As New Year's Day celebrations took place across the world, the US military sustained its first death of the year during a firefight in Nangarhar's Achin district — the same district where the GBU-43 "Massive Ordnance Air Blast" or "Mother of All Bombs" was dropped last April. US Army Green Beret Mihail Golin, who joined the military after emigrating from Latvia, was killed during a routine patrol, Stars and Stripes reports, the eighth death of a US troop in Nangarhar over the past 12 months.
At least 31 US troops died in combat last year, according to Defense Department data, across combat theaters in Iraq, Syria, Somalia, Niger, Yemen and Afghanistan. By comparison, 26 military personnel were killed in action in 2016.
The increased in bloodshed may be a sign of things to come in Afghanistan. US President Donald Trump broke with campaign promises in an August speech announcing the US would step up the fight in that country. US force levels have ticked up from around 11,000 troops in Afghanistan to at least 14,000 in 2017, according to Stars and Stripes.
"We can confirm that we are suspending security assistance to Pakistan at this time," US State Department spokeswoman Heather Nauert said last week, adding that Washington considers Pakistan to be "destabilizing the region and also targeting US personnel."
"Today, the biggest threat to the Afghan government is the Taliban. Fifty percent of the Taliban's budget is [from] Pakistan's direct aid," Amrollah Saleh, former National Security Director for Afghanistan, said Sunday at an Iranian Peace Studies Association meeting in Tehran.
It may not be wholly true that the Taliban specifically presents the greatest threat to US and Afghan government force. A Pashtun insurgency has long been a thorn in the US and NATO's side.
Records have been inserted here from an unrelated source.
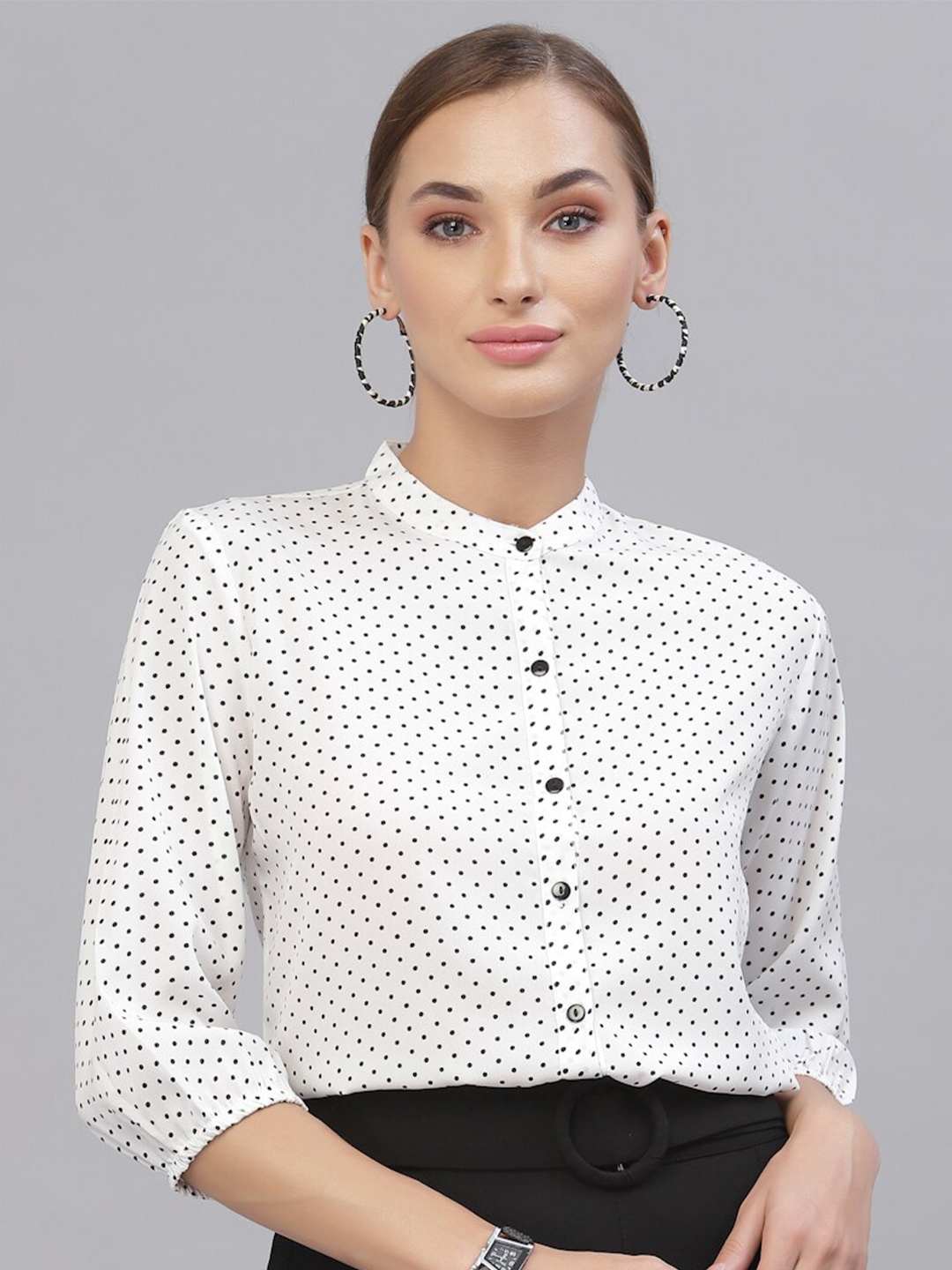 

Style Quotient White & Black Polka Dot Print Mandarin Collar Shirt Style Top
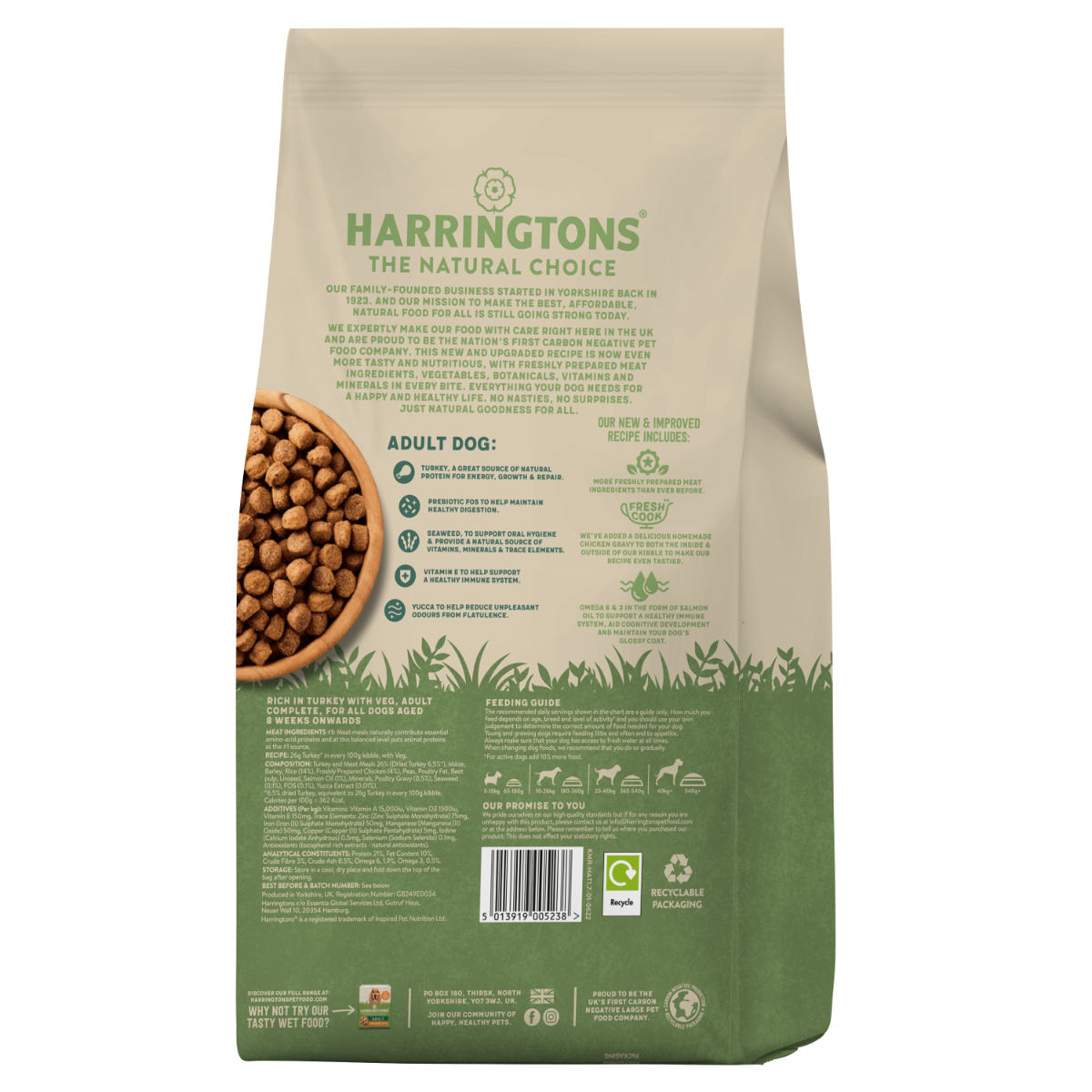 Harringtons Complete Turkey with Veg Adult Dry Dog Food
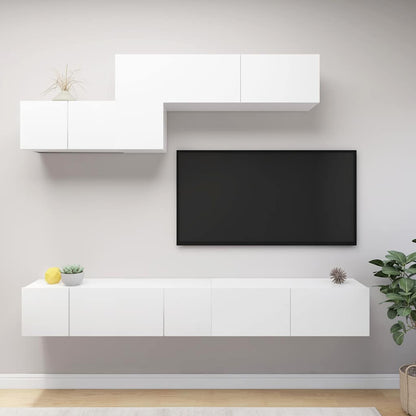 TV Cabinet Set Engineered Wood 6 pcs White
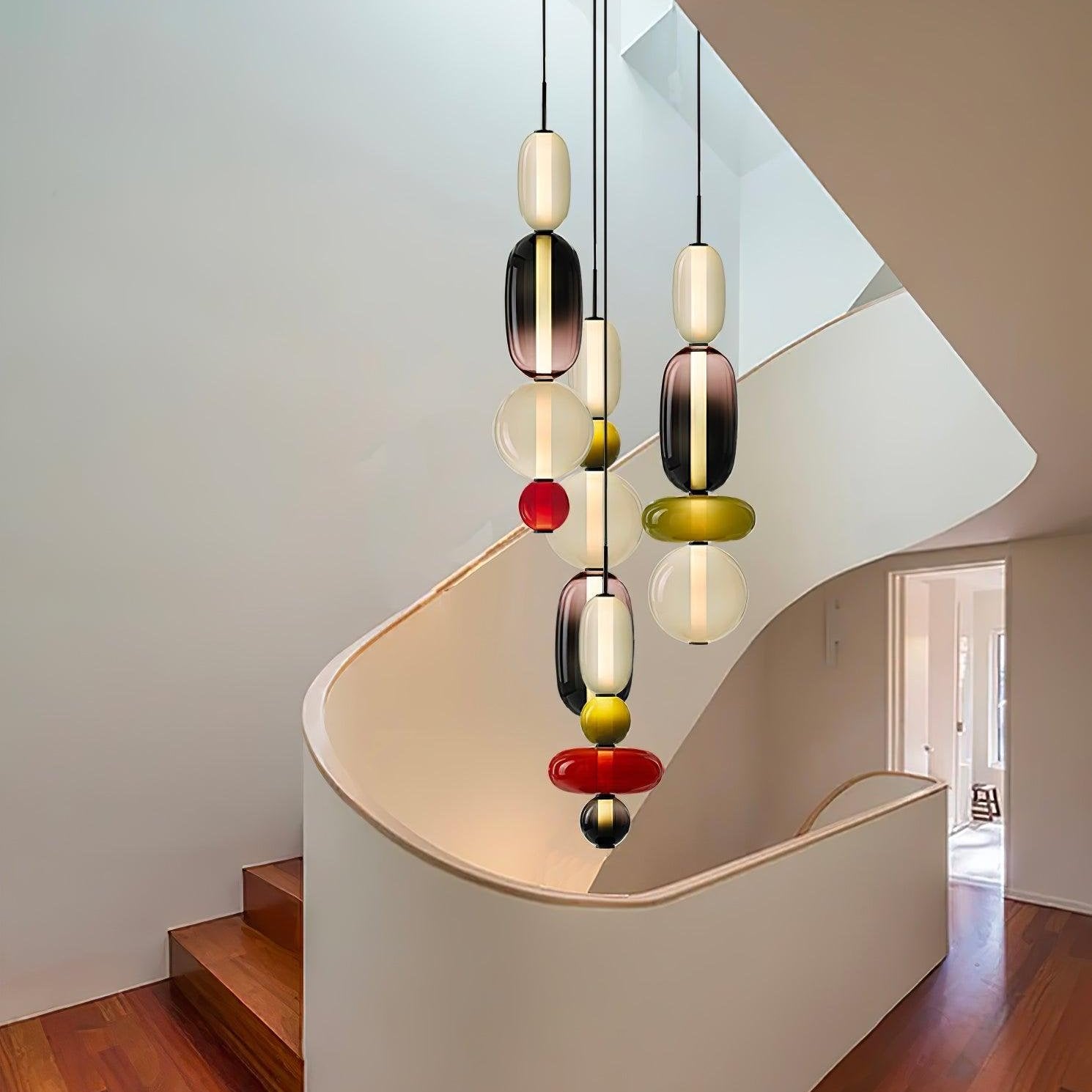 Vibrant Glass Pendant Light | Playful Living Room Accent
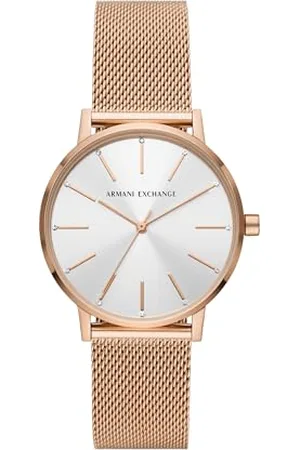 Armani Exchange Uhr für Frauen , Dreizeigerwerk, 36mm Rose Gold Edelstahlgehäuse mit einem Edelstahlarmband, AX5573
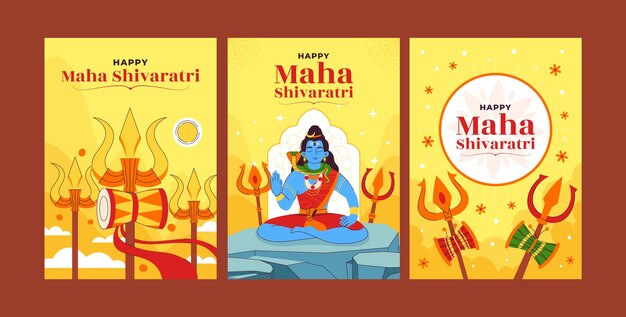 La collection de cartes de vœux de Maha Shivratri est plate.
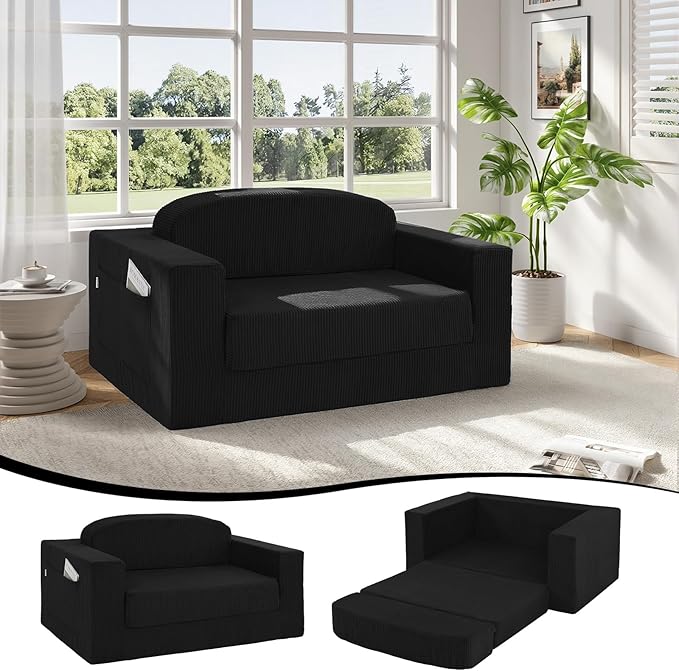MeMoreCool Convertible Sofa Bed Pull Out Loveseat Sleeper Sofa Small Boneless Cloud Couch Bed for Adults Fold Out Foam Love Seat Black Corduroy Folding Floor Couch for Bedroom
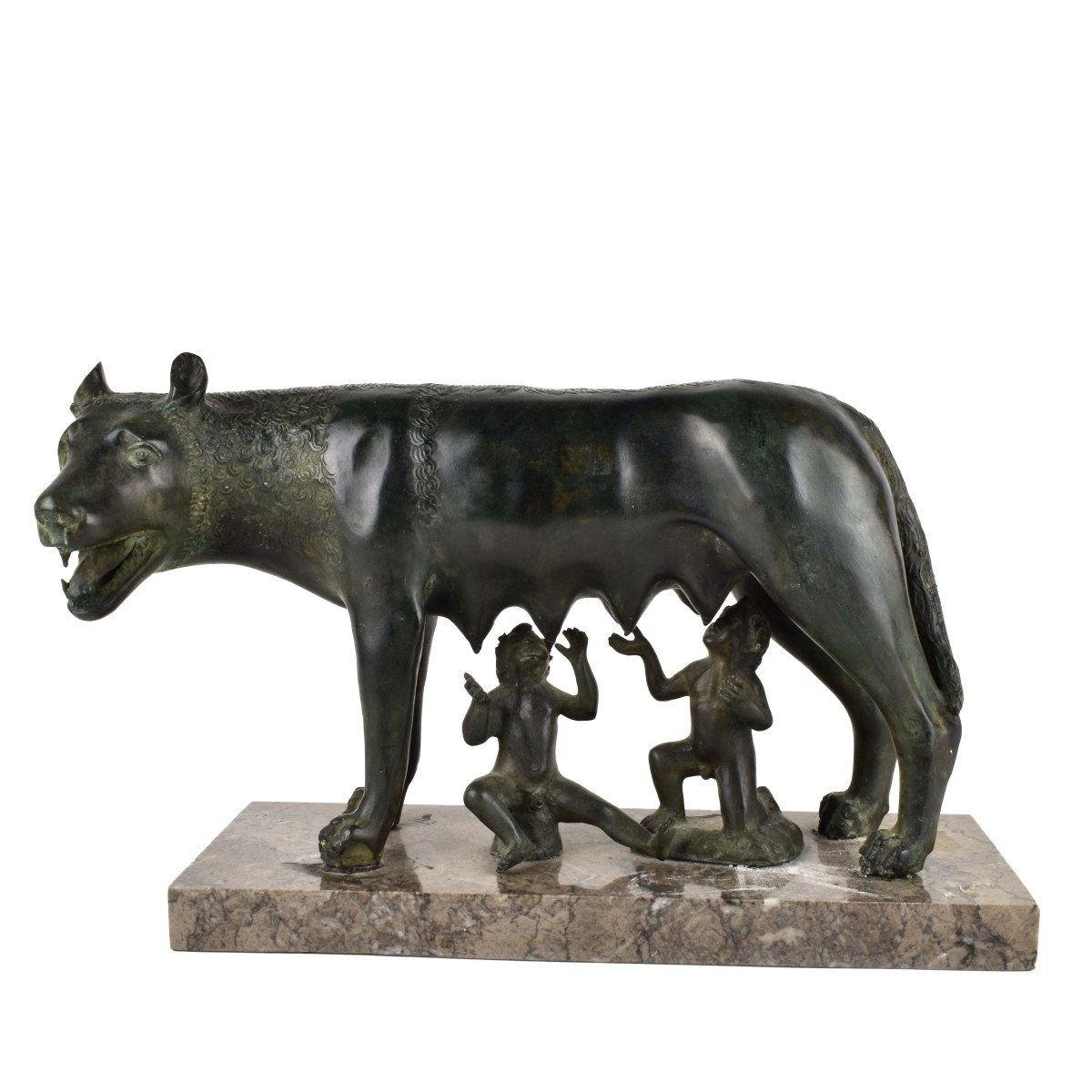 Romulus and Remus Bronze Figurine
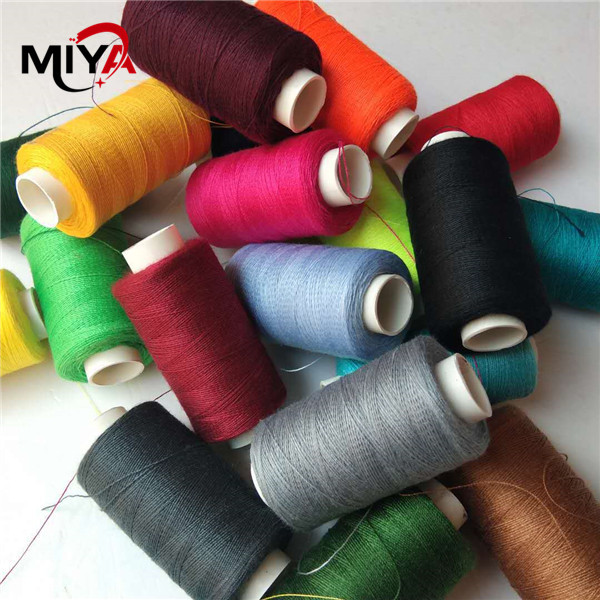 Colored Spun Polyester Thread Dyed Pattern Different Thickness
According to the Naval Postgraduate School, 90 percent of Nangarhar's population is Pashtun.
As Matthew Hoh wrote in his 2009 resignation letter from the US State Department in protest of the Afghan War, "The Pashtun insurgency, which is composed of multiple, seemingly infinite local groups, is fed by what is perceived by the Pashtun people as a continued and sustained assault, going back centuries, on Pashtun land, culture, traditions and religion by internal and external enemies… I have observed that the bulk of the insurgency fights not for the white banner of the Taliban, but rather against the presence of foreign soldiers and taxes imposed by an unrepresentative government in Kabul."